Grandir à Pfaffenhausen, berceau de la marque Ruf, a de quoi faire rêver n'importe quel passionné d'automobile. Fondée en 1939 par Alois Ruf Sr, l'entreprise était à l'origine un simple garage avant de devenir une station-service en 1949. Mais très vite, son fondateur élargit ses ambitions et conçoit un autocar en 1955, donnant naissance à une activité parallèle. À son décès en 1974, son fils Alois Jr prend les rênes et insuffle une nouvelle dynamique à l'entreprise, en s'attaquant à l'amélioration des Porsche 911. Dès 1975, Ruf commence à proposer des préparations spécifiques, avant de dévoiler en 1977 son premier modèle entièrement conçu en interne : une 911 Turbo équipée d'un flat-six 3,3 litres.
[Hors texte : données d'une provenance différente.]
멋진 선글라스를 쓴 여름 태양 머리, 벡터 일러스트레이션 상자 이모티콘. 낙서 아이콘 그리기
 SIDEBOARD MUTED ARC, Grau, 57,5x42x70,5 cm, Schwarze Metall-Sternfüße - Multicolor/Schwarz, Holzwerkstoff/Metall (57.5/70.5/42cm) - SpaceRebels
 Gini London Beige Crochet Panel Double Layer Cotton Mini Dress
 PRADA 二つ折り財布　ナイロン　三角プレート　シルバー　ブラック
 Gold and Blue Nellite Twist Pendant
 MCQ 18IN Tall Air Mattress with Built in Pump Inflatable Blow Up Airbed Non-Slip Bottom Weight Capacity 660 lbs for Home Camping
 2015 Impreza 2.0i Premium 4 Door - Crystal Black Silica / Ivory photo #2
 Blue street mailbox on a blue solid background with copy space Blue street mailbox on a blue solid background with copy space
En 1981, la marque est officiellement reconnue comme constructeur par les autorités allemandes. Mais c'est en 1987 qu'elle entre dans la légende avec la Ruf CTR « Yellowbird », une voiture devenue mythique après un tour époustouflant du Nürburgring filmé pour la VHS Faszination. Avec une vitesse de pointe de 339 km/h, c'était alors la voiture de route la plus rapide du monde.

Une passion ancrée depuis l'enfance

Chez les Ruf, la passion automobile est une affaire de famille. « Mon premier coup de cœur, c'était sans doute la Porsche 901 bleu Bali de mon père. Chaque printemps, il la sortait de sa collection pour une balade dominicale, et bien souvent, je m'endormais à l'arrière », se souvient Aloisa avec tendresse.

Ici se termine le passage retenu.